B.R. Ambedkar was a central figure in the struggle for Indian independence, the architect of the new nation's constitution, and the foremost champion of the civil rights of the "untouchable" class to which he belonged. He spoke and wrote ceaselessly on behalf of "untouchables," but his passion for justice was wide-ranging; in 1950 he resigned from his position as the country's first Minister of Law when Nehru's cabinet refused to pass the Women's Rights Bill. Ambedkar’s conversion to Buddhism, near the end of his life, helped to spark a revival of a new form of Buddhism in India. His actions and writings have been essential in empowering Dalits with dignity, self-respect, social consciousness, political identity, and the motivation to fight for their basic human rights. Highly revered as a father-figure to Dalits—he is respectfully referred to as “Babasaheb”—Ambedkar’s life and work are a constant inspiration to the Dalit Movement and provide the foremost example of the courageous spirit and initiative needed for Dalits to bring about social justice and to “cast out caste.”
EARLY LIFE & EDUCATION
Bhim Ram Ambedkar was born into the “untouchable” Mahar caste on April 14th, 1891, in Mhow, Madhya Pradesh. As a child, at school he was seated on the floor in a corner of the classroom, separate from other students, and his teachers refused to touch him or his notebooks because of his supposed “impurity.” Despite such daily caste humiliation and discrimination, Ambedkar excelled in his studies. He passed his high school matriculation examination in Bombay in 1907 and became one of the first ‘untouchables’ ever to attend college in India, studying at Bombay University and Elfinstone College. After graduating with his BA in 1912, Ambedkar received a scholarship to study in the United States from the Maharaja of Baroda (in exchange for 10 years of future service to the State). At Columbia University in New York City, he experienced social equality (the absence of caste discrimination) for the first time. There he studied under John Dewey, who inspired many of his ideas about human rights and social justice. Ambedkar earned his MA in Political Science from Columbia in 1915 and then traveled to England to study at the London School of Economics (LSE) and Gray’s Inn (Law School). In 1917, after only one year in the UK, his scholarship was terminated and he was called back to India. Returning to work as Military Secretary for Baroda state, Ambedkar was distressed by the sudden reappearance of discrimination in his life. In early 1920, he began publishing the news weekly Mooknayak (Leader of Fools) in which he criticized orthodox Hindu politicians and the seeming reluctance of the Indian political community to fight caste discrimination. Later in the same year, having accumulated the necessary funds, he returned to London where he completed his DSc from LSE and earned his Bar-at-Law degree from Gray’s Inn.
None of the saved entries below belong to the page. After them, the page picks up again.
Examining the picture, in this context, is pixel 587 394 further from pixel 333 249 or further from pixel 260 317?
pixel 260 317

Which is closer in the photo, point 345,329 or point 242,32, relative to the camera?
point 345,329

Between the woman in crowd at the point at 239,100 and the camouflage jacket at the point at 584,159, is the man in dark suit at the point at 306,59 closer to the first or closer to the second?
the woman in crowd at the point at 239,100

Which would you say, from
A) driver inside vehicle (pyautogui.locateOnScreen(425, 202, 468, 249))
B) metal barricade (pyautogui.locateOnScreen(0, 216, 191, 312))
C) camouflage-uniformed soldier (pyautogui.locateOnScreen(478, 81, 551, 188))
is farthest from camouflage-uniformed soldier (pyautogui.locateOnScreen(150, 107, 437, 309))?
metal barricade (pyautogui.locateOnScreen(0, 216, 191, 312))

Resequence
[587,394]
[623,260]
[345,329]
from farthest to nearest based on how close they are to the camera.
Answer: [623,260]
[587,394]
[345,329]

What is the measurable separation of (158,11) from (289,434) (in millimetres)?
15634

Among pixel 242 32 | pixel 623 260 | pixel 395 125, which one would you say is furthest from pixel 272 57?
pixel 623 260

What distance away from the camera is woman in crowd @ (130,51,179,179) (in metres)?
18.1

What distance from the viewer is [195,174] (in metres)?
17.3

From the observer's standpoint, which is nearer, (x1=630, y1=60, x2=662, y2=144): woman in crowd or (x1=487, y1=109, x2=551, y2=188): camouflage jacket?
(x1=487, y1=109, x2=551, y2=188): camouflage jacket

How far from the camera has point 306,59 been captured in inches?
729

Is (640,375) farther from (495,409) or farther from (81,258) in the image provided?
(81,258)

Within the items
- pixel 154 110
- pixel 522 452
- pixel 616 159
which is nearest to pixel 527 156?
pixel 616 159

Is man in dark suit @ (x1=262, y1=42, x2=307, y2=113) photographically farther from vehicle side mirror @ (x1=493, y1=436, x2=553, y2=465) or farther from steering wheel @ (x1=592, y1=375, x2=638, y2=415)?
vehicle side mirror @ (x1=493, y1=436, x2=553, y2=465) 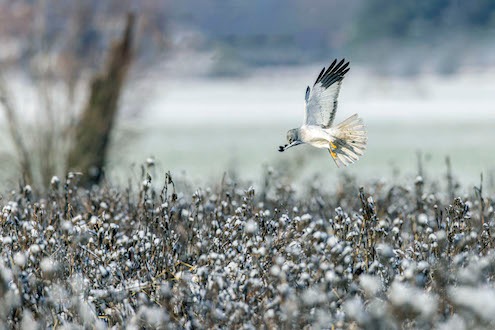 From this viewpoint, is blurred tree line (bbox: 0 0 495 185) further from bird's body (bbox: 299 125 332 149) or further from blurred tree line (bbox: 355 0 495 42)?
blurred tree line (bbox: 355 0 495 42)

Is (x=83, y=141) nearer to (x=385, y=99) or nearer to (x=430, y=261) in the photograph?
(x=430, y=261)

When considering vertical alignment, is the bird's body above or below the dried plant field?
above

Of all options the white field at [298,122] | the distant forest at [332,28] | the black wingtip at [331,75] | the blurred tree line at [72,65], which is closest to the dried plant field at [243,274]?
the black wingtip at [331,75]

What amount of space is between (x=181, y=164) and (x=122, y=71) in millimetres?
15598

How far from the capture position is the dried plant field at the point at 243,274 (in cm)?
373

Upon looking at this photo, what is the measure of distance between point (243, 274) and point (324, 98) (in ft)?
4.65

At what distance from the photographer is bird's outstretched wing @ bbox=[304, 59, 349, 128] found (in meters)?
5.28

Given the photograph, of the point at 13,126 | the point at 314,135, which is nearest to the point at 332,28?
the point at 13,126

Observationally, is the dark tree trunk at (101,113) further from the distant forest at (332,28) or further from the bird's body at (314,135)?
the distant forest at (332,28)

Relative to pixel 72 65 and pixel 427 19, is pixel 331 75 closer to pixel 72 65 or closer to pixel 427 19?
pixel 72 65

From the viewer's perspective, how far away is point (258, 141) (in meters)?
39.8

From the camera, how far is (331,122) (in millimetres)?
5281

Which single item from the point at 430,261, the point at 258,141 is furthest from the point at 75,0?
the point at 258,141

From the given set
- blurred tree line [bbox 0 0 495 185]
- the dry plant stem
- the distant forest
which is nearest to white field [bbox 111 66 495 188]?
blurred tree line [bbox 0 0 495 185]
PROFESSIONAL WORK & BATTLE AGAINST “UNTOUCHABILITY”
Upon completing his education abroad, Ambedkar returned to Bombay as a barrister, established a successful legal practice and, in 1924, founded the Bahishkrit Hitkarini Sabha (Association for the Depressed Classes) to promote the spread of education among the socially and politically downtrodden, to improve their economic status, and to provide a voice for their grievances. Between 1927 and 1932, Ambedkar led a series of nonviolent campaigns to assert the right of “Untouchables” to draw water from public tanks & wells and to enter Hindu places of worship. Especially important was the satyagraha (nonviolent civil disobedience) he led in Mahad where tens of thousands of “Untouchables” protested successfully for their right to use water from the public Chowdar Tank, which had been traditionally prohibited to them (though animals were allowed to use the water!).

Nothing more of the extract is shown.